More and more, managing your business can and should be influenced by data, as it can paint a clear picture to help improve guest engagement and increase profitability.
Maintaining overall profitability is one of the most critical challenges facing operators today. Simply put, profitability is the difference between sales and costs. New sales pressures—such as consumers turning to food outlets other than restaurants—are combining with ever-rising labour and other costs to squeeze already thin profit margins.
More operators are employing data to help them maximize profitability. Strong and consistent data analysis enables operators to uncover opportunities to enhance guest engagement and increase profit margins.
A variety of technologies have emerged to facilitate knowledge databases. In the process, they are redefining how operators view and manage their businesses.
Operational technologies and data exchange
Operational technologies—such as inventory and recipe software—have been around for some time. They have become essential base-level technologies that every operation should incorporate as part of its business analysis functions.
More recently, it has become possible for operators to link data from these technologies to vendor purchase data.
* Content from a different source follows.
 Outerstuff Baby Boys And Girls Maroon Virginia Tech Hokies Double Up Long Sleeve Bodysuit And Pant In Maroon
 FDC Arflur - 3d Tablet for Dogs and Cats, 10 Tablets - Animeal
Linking operator and vendor systems produces a variety of reports that enable operators to close the gap between what they purchase and what they sell. The result is far leaner inventory with fewer stocking issues—you can have just enough of the right product at the right time—which, in turn, slashes inventory costs and provides greater assurance of guest satisfaction.
Data and technology management
Contrary to popular assumption, linking systems through data exchange doesn’t eliminate the “work” of managing data. Many service providers offer setup solutions as part of the purchase price, but menus and recipes still have to be maintained over time.
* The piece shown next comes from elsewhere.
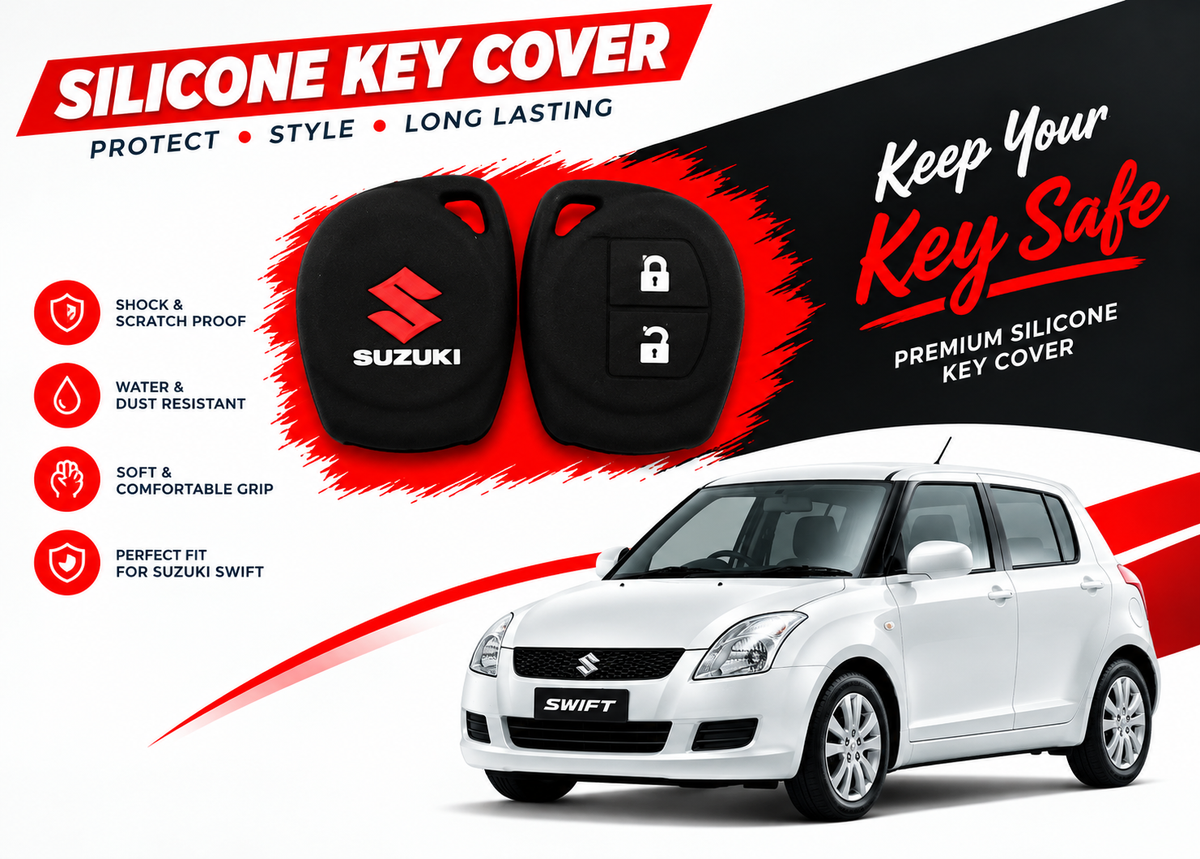 Silicone Key Cover for Suzuki Swift 2010 to 2021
As with all technology, the more data you provide, the more accurate a picture you’ll get from the system. Given all your other responsibilities, however, you have to balance the effort you put into the system versus the value you derive from it. It’s helpful to consider the law of diminishing returns here:
A point at which the level of profits or benefits gained is less than the amount of money or energy invested.
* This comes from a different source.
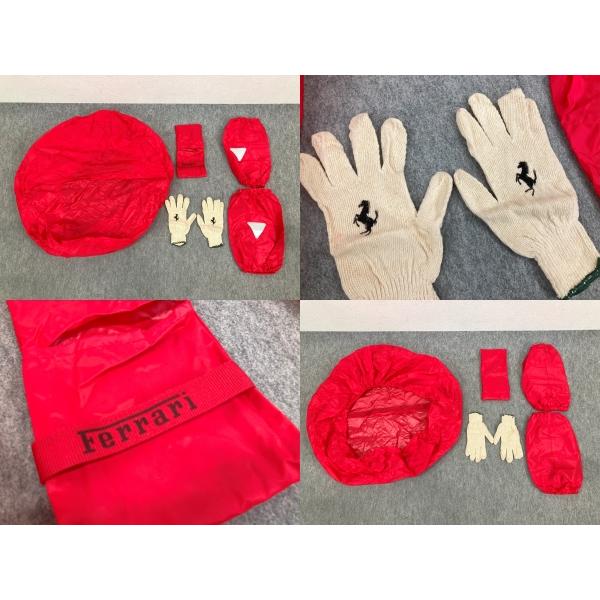 Ferrari フェラーリ 純正車載工具 レザー ツールバッグ 工具バッグ 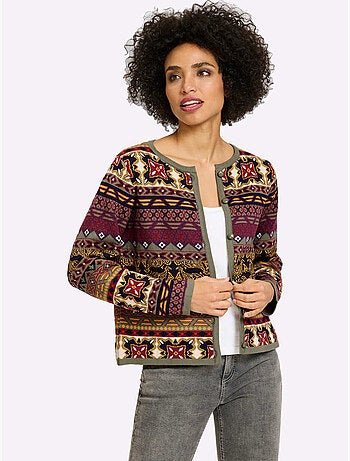 Gilet Jacquard Motif Jacquard Original - Taille Standard - Helline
With data solutions, that point is the intersection between, “How much effort am I willing to expend on maintaining data over time?” and “What will that data actually give me?” There is a certain minimum level of effort that all operators need to invest—such as maintaining all the menu/recipe data related to twice-yearly core-menu adjustments and up to four-times-a-year full menu changes. What you’re willing to do beyond this minimum will help determine the type of technologies you should implement.
Different service types can and should engage with these technologies differently. Limited-service restaurants, with menus that are generally smaller and less subject to change/variability, can use these technologies a bit faster—and potentially to a greater degree. Full-service operators should consider starting with the menu items that generate 70 percent or more of their annual sales. These items will likely define your core menu and brand, and so are less likely to change over time.
Review the business impact for setting up and maintaining this data before considering whether it’s worthwhile to expend effort on the remaining 30 percent of menu items. Many operators find that the 70 percent approach is directionally sound and more useful than a 100 percent approach, which is highly accurate, but often too impractical to maintain over time.
Operational digital technologies are here to stay and they represent an essential step forward for operators seeking to boost profitability. The key to choosing the right solution(s) is to outline your business goals and meet with technology and business experts who can help you navigate the scope and scale of effort required.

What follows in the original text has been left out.